The 4PTA of the better ear was used to classify hearing loss according to the WHO criteria (1997) into mild (26–40 dB hearing loss (HL)), moderate (41–60 dB HL), severe (61–80 dB HL) and profound (>81 dB HL). The audiogram curves were divided into flat-type, trough-type and plateau-type configurations [20,21]. The frequencies of the audiograms were divided into low (0.125, 0.25 and 0.5 kHz), middle (1, 2 and 3 kHz), middle-high (2, 3 and 4 kHz) and high (4, 6 and 8 kHz) frequency regions. 4-Pure tone average (4PTA) was calculated as the mean hearing loss of the frequencies 0.5, 1, 2 and 4 kHz. Air conduction thresholds were used for analysis, unless an air-bone gap ≥10 dB in two neighboring frequencies indicated additional conductive hearing loss. In these cases, bone-conduction thresholds were used. Hearing loss was considered symmetrical if the difference in the same frequency between right and left ear was less than 15 dB [21]. To correlate hearing function with kidney function, each audiogram was matched with albuminuria values obtained within six months from the audiogram.

5. Conclusions

Our long-term follow up data originating from a clinical trial confirm that inner ear deafness in children is a very important early sign of AS, which can also be considered to be prognostic factor for progressive kidney disease.
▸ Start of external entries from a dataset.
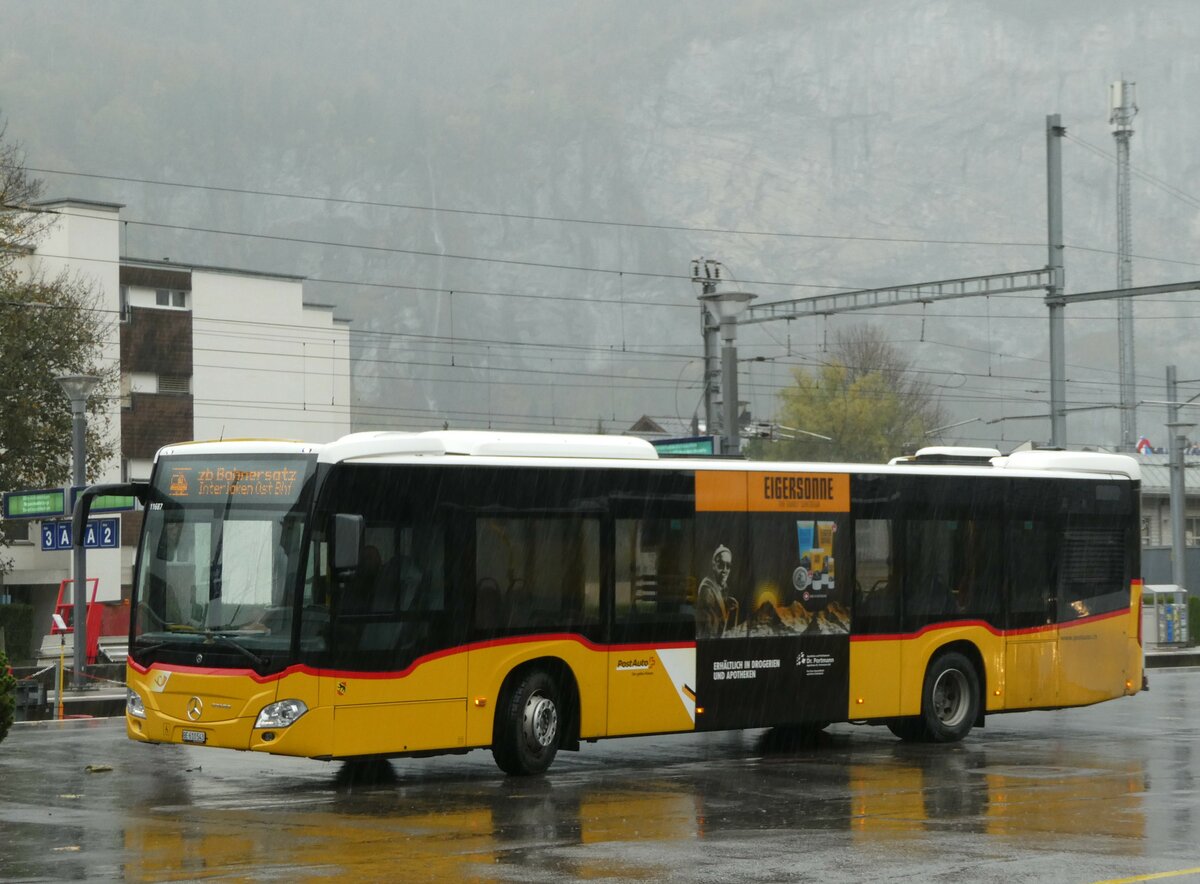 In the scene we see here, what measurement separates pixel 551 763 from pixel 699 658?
1.67 meters

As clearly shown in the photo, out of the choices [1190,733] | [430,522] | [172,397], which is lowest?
[1190,733]

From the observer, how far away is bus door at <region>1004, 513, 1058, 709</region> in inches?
769

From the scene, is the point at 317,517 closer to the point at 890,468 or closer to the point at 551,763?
the point at 551,763

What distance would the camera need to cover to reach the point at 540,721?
15.6 m

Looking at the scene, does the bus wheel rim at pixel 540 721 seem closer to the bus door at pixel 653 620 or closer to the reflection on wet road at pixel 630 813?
the reflection on wet road at pixel 630 813

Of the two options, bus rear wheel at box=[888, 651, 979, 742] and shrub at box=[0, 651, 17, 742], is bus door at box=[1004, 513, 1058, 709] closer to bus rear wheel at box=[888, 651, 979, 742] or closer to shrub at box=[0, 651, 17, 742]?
bus rear wheel at box=[888, 651, 979, 742]

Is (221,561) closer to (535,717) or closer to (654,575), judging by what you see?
(535,717)

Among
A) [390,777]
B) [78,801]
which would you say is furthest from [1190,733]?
[78,801]

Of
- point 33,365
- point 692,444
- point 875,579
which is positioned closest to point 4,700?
point 875,579

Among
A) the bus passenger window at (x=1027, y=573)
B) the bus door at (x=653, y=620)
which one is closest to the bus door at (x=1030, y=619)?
the bus passenger window at (x=1027, y=573)

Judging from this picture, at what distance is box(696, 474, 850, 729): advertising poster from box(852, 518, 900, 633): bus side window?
19 cm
Patients with Alport syndrome should have audiometric check-ups to ensure adequate early treatment with hearing aids, and check-ups should start just before elementary school age. In a child with hearing loss and hematuria, genetic testing should exclude or diagnose AS as underlying disease. Future studies should place a special focus on the sociocultural burden and pathogenesis of hearing loss in children with AS, which limits the quality of life before the actual kidney problems show up.